- TASK INSTRUCTIONS
In the records below, find the line that contains "Strife Rush (Vinyl" and the line that contains "Bosch Series 2"; write out exactly those two lines and everything between them, without the pictures.

- INPUT MATERIAL

○ ○ ○ ○ ○ ○ ○

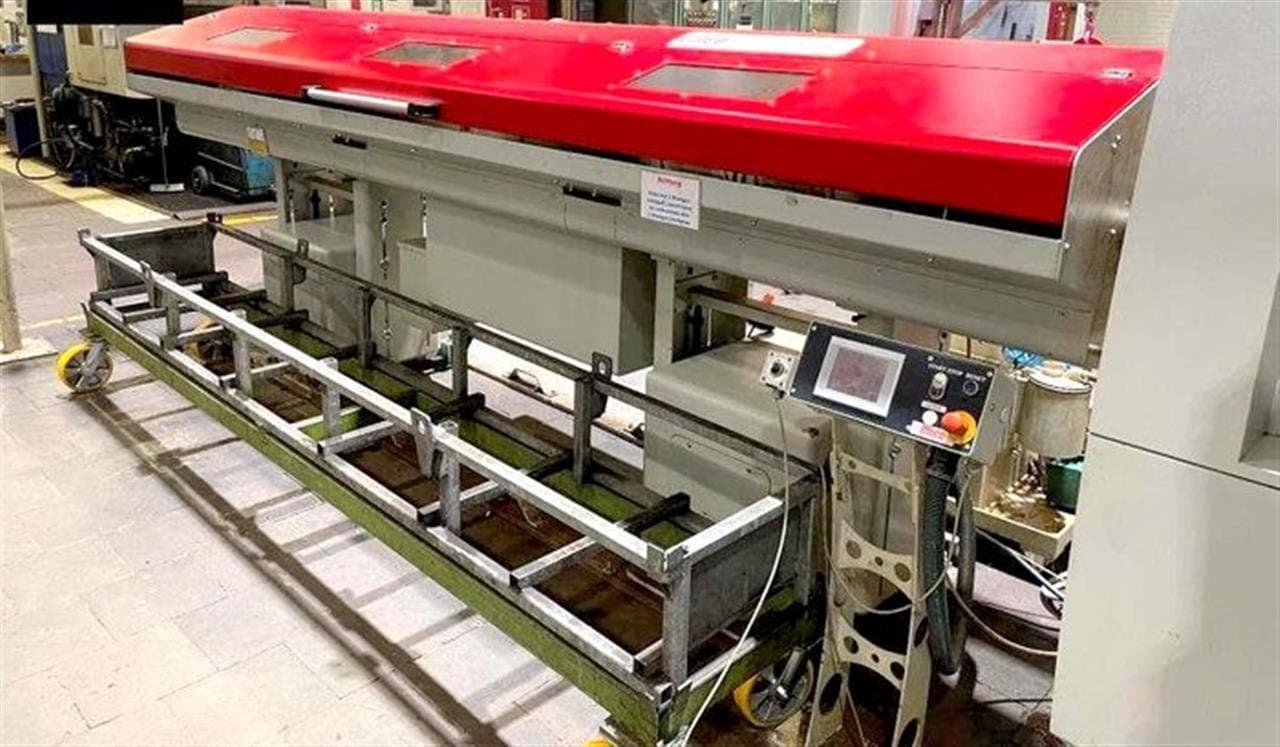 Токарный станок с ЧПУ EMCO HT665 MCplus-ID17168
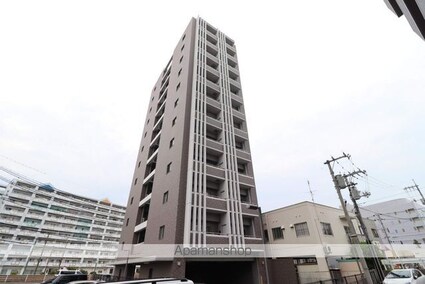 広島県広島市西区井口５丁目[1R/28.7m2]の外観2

○ ○ ○ ○ ○ ○ ○

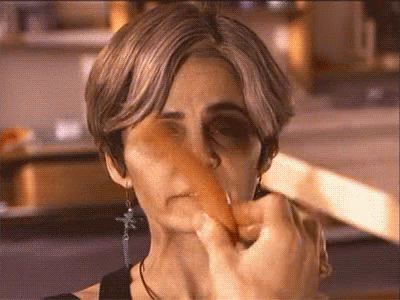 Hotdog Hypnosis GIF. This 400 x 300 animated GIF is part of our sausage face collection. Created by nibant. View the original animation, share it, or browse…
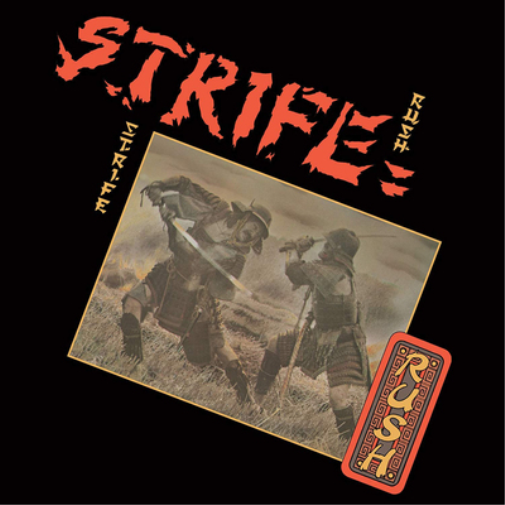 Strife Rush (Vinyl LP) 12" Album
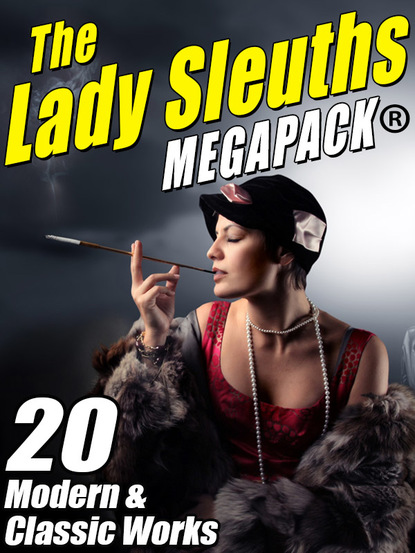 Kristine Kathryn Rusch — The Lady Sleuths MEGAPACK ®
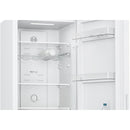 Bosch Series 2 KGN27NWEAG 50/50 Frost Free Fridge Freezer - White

○ ○ ○ ○ ○ ○ ○

- ANSWER SPACE
 Strife Rush (Vinyl LP) 12" Album
 Kristine Kathryn Rusch — The Lady Sleuths MEGAPACK ®
 Bosch Series 2 KGN27NWEAG 50/50 Frost Free Fridge Freezer - White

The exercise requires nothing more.